Nella formula osserviamo che i lieviti, per portare a compimento la fermentazione alcolica, si nutrono di zuccheri semplici, i monosaccaridi, e contengono al loro interno gli enzimi zimasi necessari per scomporre il glucosio, ovvero lo zucchero complesso presente nella farina in primis e negli altri ingredienti dell'impasto. La qualità della farina, dunque, è fondamentale affinché tutta la reazione chimica si svolga correttamente e che i prodotti di risulta donino al prodotto finale il sapore e la fragranza desiderati.

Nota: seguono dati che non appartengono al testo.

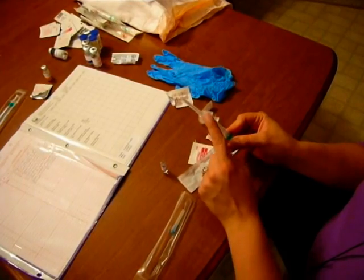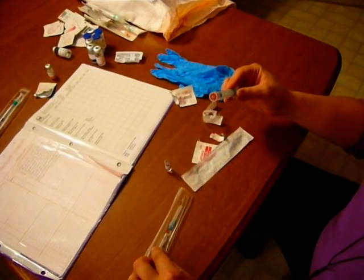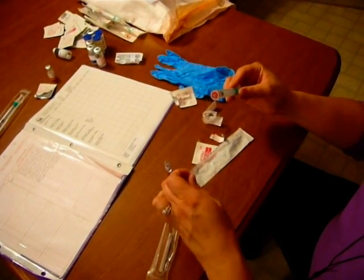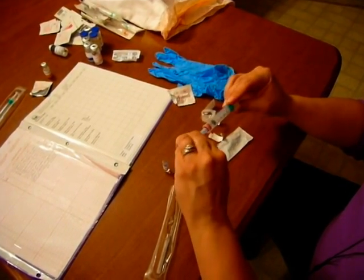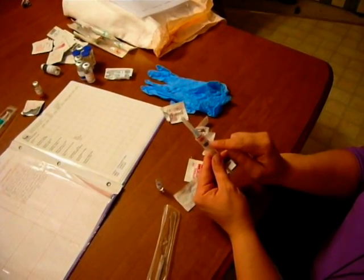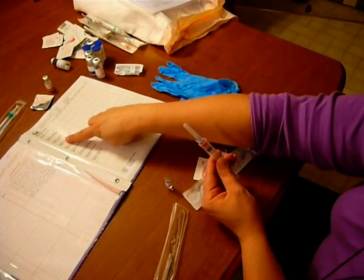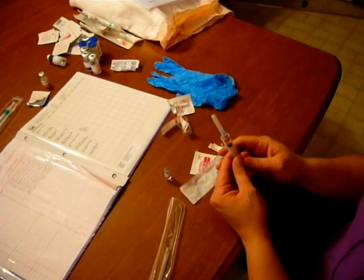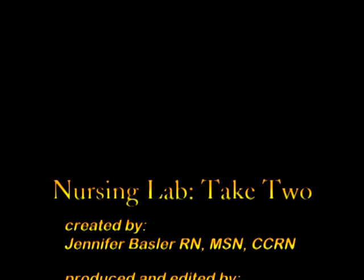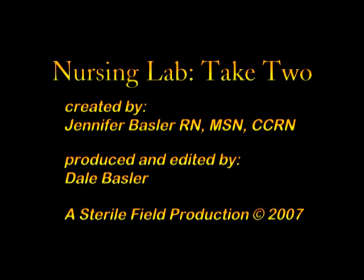Once I have the dose that I need, I need to change my filter needle back to my administration needle. I'll unscrew the filter needle and put it back in the sterile packaging in case I need it again, keeping the hub of the administration needle sterile. Then I put it on, and the last thing I do is confirm I still have 0.5 mLs, go back to my MAR, and verify that's what I drew up. I have that, and now I'm ready to administer the drug.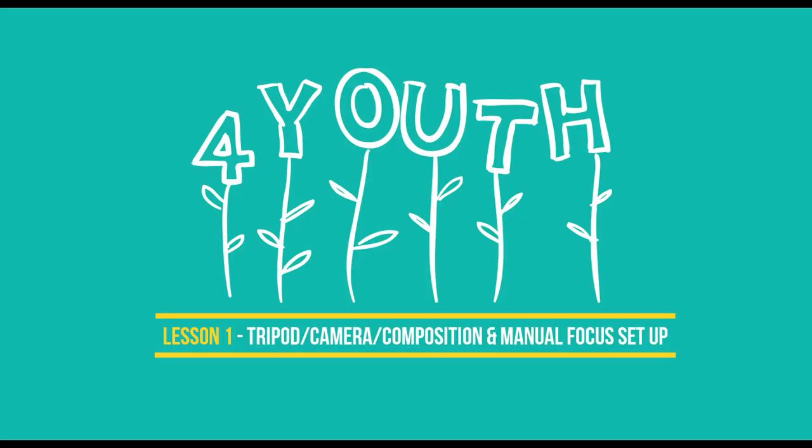Hi and welcome to your first tutorial in filmmaking techniques. In this lesson you will learn about setting up your tripod, your camera, composition, and how to manually focus the lens.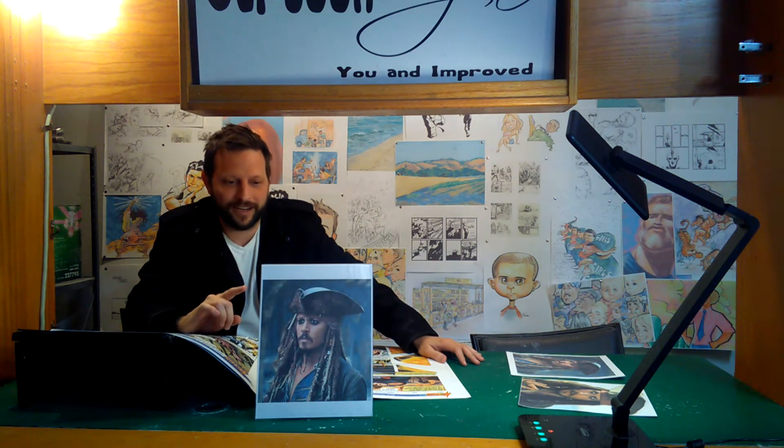Welcome to Cartoon Vegas, booth number four, located in beautiful — my garage. I'm your host, Tillman, and today we're going to draw Johnny Depp.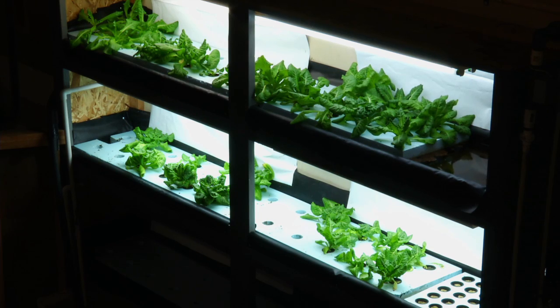You can grow multiple types of plants — herbs, lettuce, tomatoes, cucumbers, wasabi — and raise multi-food for the same price as one crop.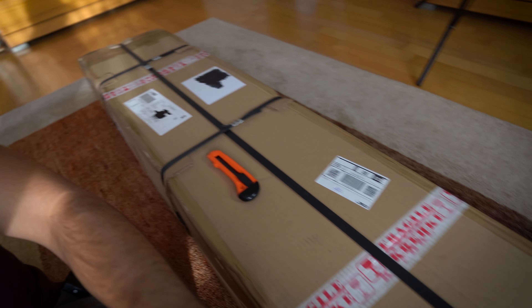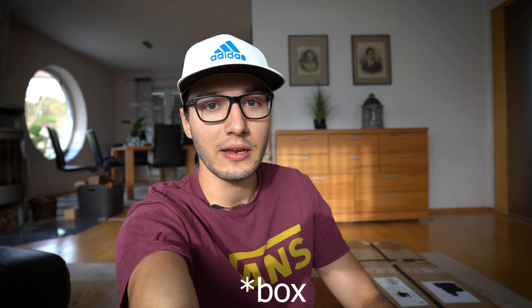Hello and welcome to this new video. Today we will unbox a new plane and I am really excited because I haven't unboxed it yet. So we will do it together and find out what's inside the plane. More will follow after the intro.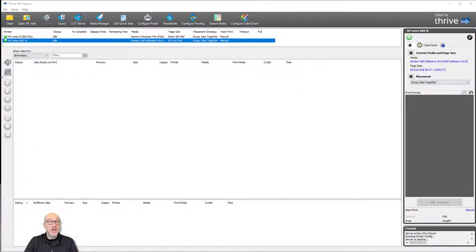Hi everybody, Lee again, and I'm going to provide a quick tutorial for printing with HP Latex printers that include white ink — how to work with them in ONYX and the ONYX white ink workflow. I have ONYX up on screen using Thrive, which will work with a variety of ONYX products. I have both printer series that are Latex printers with white ink: the R series flatbed printers and the new 700 and 800 White printers, which are smaller roll-to-roll printers that also include white.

    Queste prime informazioni sui lieviti già ci dicono molto di come si comportano e di come dobbiamo di conseguenza agire noi in virtù del prodotto che vogliamo ottenere. Come risulta chiaro, è necessario capire la differenza fra lievitazione e fermentazione e capire come ottenere l'una e/o l'altra e come gestire i tempi per poter donare al nostro lievitato le caratteristiche che desideriamo. Qui ci viene in aiuto un alleato speciale: il frigo! Quando vogliamo generare prodotti con lunghi tempi di maturazione (lievitazione + fermentazione) è evidente come sia necessario rallentare i processi chimici generati al loro interno. Ciò è possibile, ad esempio, riponendo l'impasto in frigo per un determinato periodo, affinché i lieviti siano più "assopiti" e consumino meno rapidamente l'ossigeno a loro disposizione, in un certo senso "gustandoselo" più lentamente e avendo la possibilità di sviluppare in maniera più graduale e controllata tutti gli aromi desiderati. 

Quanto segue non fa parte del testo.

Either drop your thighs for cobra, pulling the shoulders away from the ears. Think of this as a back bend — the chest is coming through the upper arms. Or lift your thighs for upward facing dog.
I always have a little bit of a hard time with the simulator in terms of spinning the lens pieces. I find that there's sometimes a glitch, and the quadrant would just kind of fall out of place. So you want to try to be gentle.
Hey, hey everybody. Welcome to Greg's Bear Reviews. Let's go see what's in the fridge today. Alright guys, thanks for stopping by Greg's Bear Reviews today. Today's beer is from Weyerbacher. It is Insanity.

Spero che queste nozioni vi appassionino esattamente come affascinano me e vi possano essere utili per lavorare gli impasti e programmare i vostri lievitati con più consapevolezza. Ovviamente, questo mondo è immenso e non pretendo con poche righe di esprimerlo appieno: mi piacerebbe comunque portare avanti questi aspetti teorici di tanto in tanto e se volete approfondire non esitate a chiedermi o cercare informazioni in internet....è pieno di siti, blog, forum e soprattutto libri zeppi di nozioni che spesso si fa anche fatica a tenere tutte insieme!